Exercise prompt:
Please copy the data below exactly; none of the pictures in it belong in the copy.

:: Supplied information ::

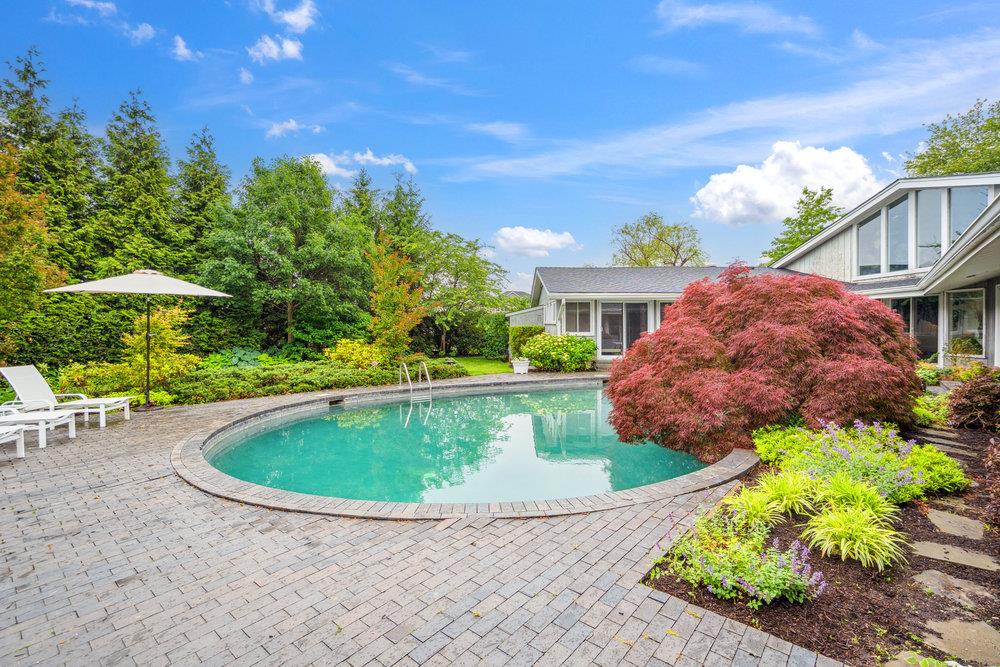 28 DEERINGWOOD Lane, Babylon, NY 11702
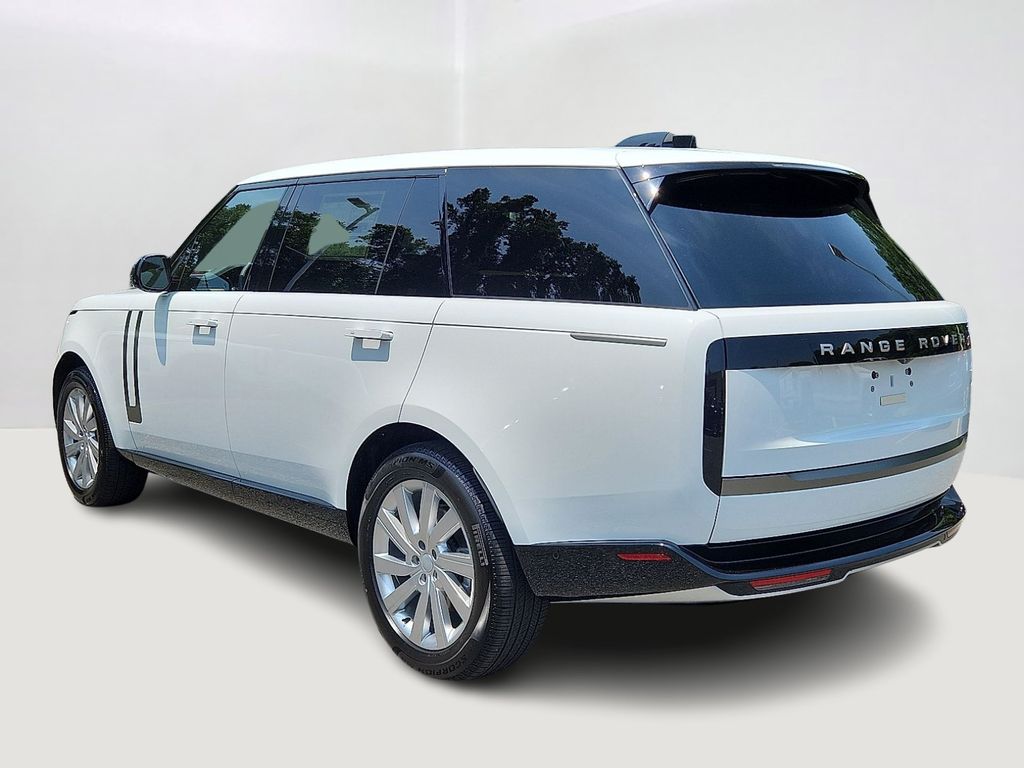 2025 Land Rover Range Rover SE 4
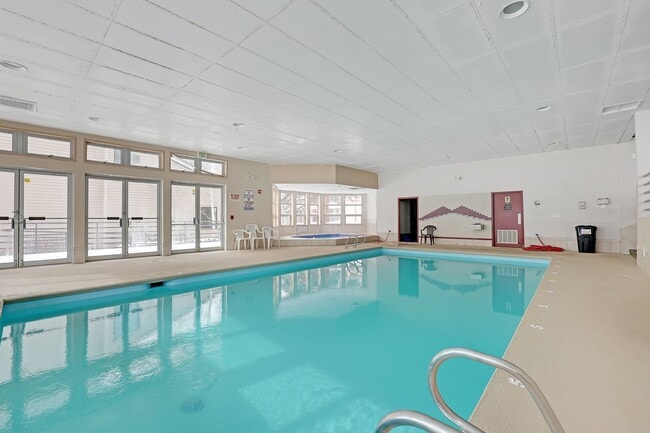 Building Photo - Summer Rental- Liftside Condos #205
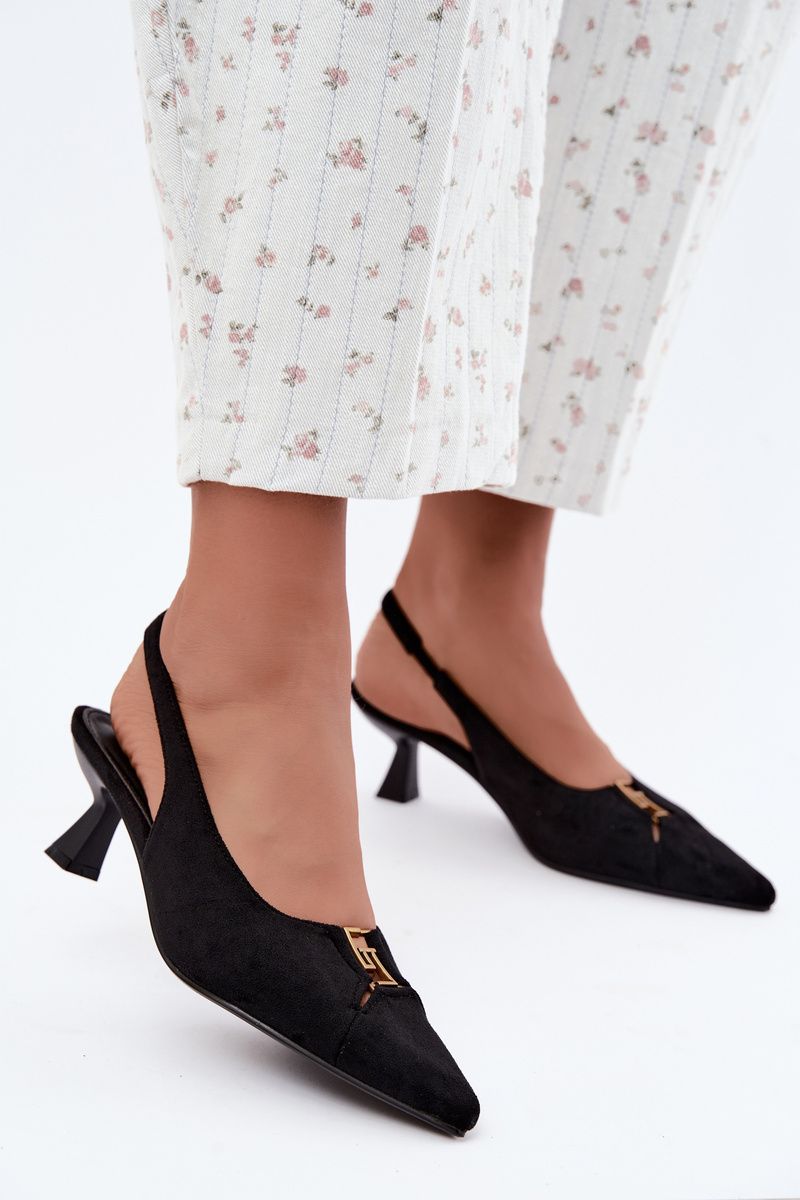 Schwarze Pumps mit offener Ferse und dekorativem Detail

:::

Response to the task:
 28 DEERINGWOOD Lane, Babylon, NY 11702
 2025 Land Rover Range Rover SE 4
 Building Photo - Summer Rental- Liftside Condos #205
 Schwarze Pumps mit offener Ferse und dekorativem Detail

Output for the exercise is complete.